• Source data:
+--
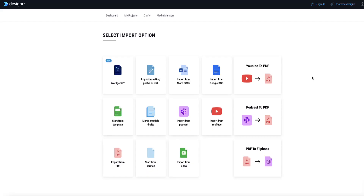In this video I'm going to show you how to create a professional ebook super fast using AI, and to do that we're going to use a tool called Designer. Designer now has a built-in AI writing tool that will write all your content for you, but before I show you that, there are multiple ways how you can use Designer to create your ebook.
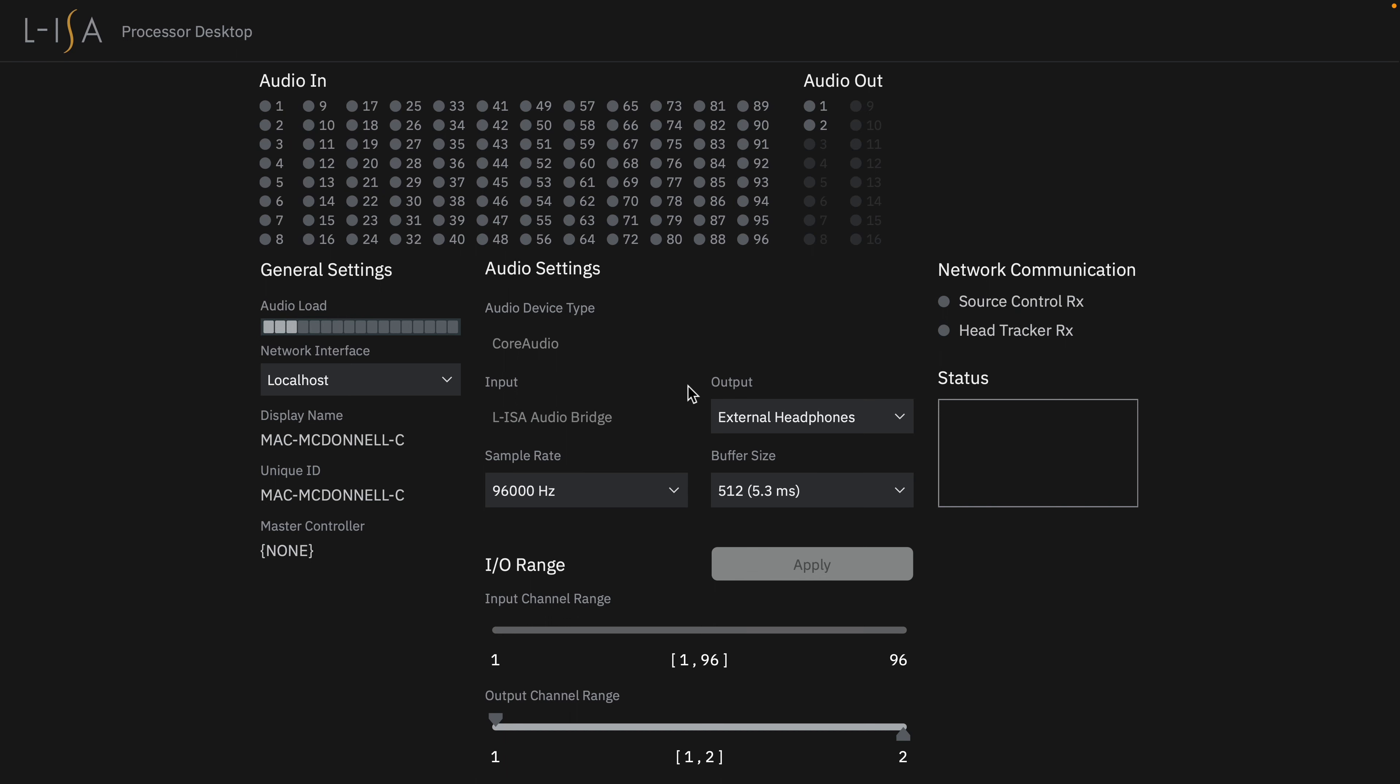The ELISA processor desktop must run in the background while using ELISA Studio. But once configured, you can simply minimize it and forget about it.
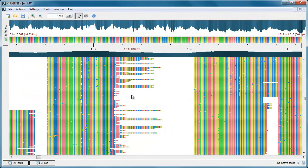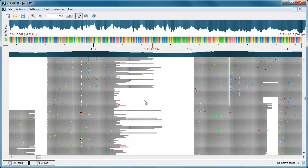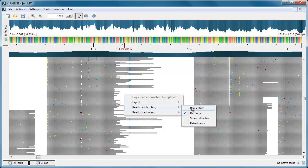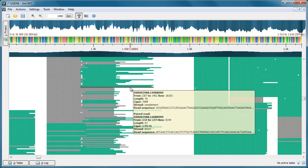The new modes of short reads visualization were added to the assembly browser. The Difference mode highlights only the bases that differ from the reference sequence. The Paired Reads mode highlights all paired reads in green. Note that the information about the mate is available in the hint.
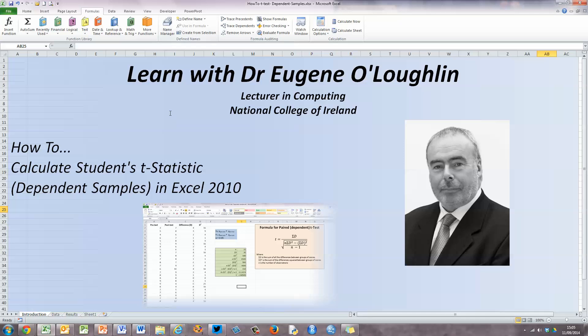Hi everybody, this is Eugene O'Loughlin, lecturing Computing at the National College of Ireland, and welcome to my series of short how-to videos. In this video, we're going to learn how to calculate the student's t-statistic for dependent samples in Excel 2010.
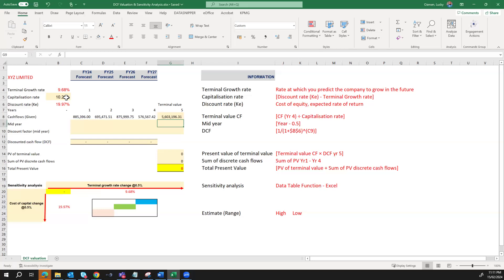The next thing is to make an assumption around how we receive this cash flow. The standard assumption is that cash flows are usually received at the end of the year, but there are situations where we may decide to assume that cash flows will be received mid-year, which is then used for discounting as against end of year. To determine the mid-year period, we subtract 0.5 from our years.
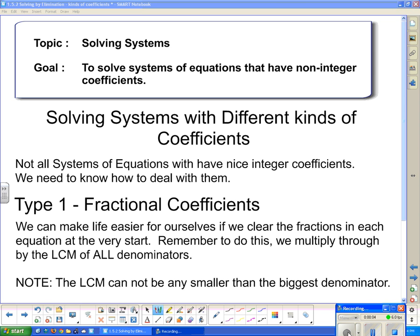Good day and welcome to your next lesson on solving systems of equations. Our goal today is to solve systems of equations that have non-integer coefficients. It's going to get a little bit messy, because not all systems of equations have those nice integer coefficients and we need to know what to do to deal with them.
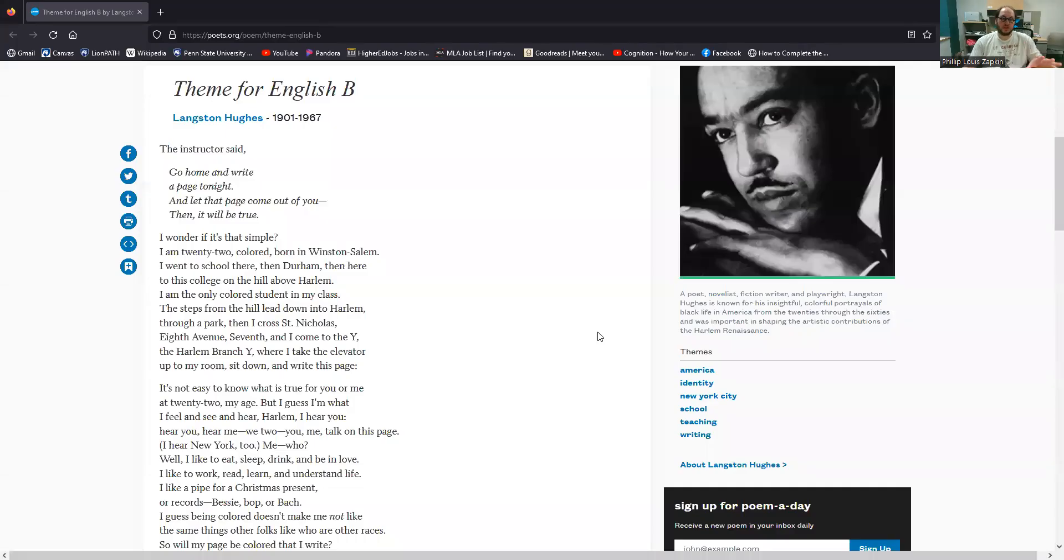Theme for English B is one of his most important poems. It's one of his most famous alongside works like Harlem, I Too, and The Negro Speaks of Rivers, which are really famous anthologized works. Theme for English B is one of his beloved poems, one of his very commonly anthologized poems. I think it's particularly beloved of English instructors like myself because of its subject matter. But we're going to take a close look at it and see what Hughes is doing in this poem.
+--
• What the task requires:
Print the full listing exactly, dropping the pictures.

• Answer section:
In this video I'm going to show you how to create a professional ebook super fast using AI, and to do that we're going to use a tool called Designer. Designer now has a built-in AI writing tool that will write all your content for you, but before I show you that, there are multiple ways how you can use Designer to create your ebook.
The ELISA processor desktop must run in the background while using ELISA Studio. But once configured, you can simply minimize it and forget about it.
The new modes of short reads visualization were added to the assembly browser. The Difference mode highlights only the bases that differ from the reference sequence. The Paired Reads mode highlights all paired reads in green. Note that the information about the mate is available in the hint.
Hi everybody, this is Eugene O'Loughlin, lecturing Computing at the National College of Ireland, and welcome to my series of short how-to videos. In this video, we're going to learn how to calculate the student's t-statistic for dependent samples in Excel 2010.
The next thing is to make an assumption around how we receive this cash flow. The standard assumption is that cash flows are usually received at the end of the year, but there are situations where we may decide to assume that cash flows will be received mid-year, which is then used for discounting as against end of year. To determine the mid-year period, we subtract 0.5 from our years.
Good day and welcome to your next lesson on solving systems of equations. Our goal today is to solve systems of equations that have non-integer coefficients. It's going to get a little bit messy, because not all systems of equations have those nice integer coefficients and we need to know what to do to deal with them.
Theme for English B is one of his most important poems. It's one of his most famous alongside works like Harlem, I Too, and The Negro Speaks of Rivers, which are really famous anthologized works. Theme for English B is one of his beloved poems, one of his very commonly anthologized poems. I think it's particularly beloved of English instructors like myself because of its subject matter. But we're going to take a close look at it and see what Hughes is doing in this poem.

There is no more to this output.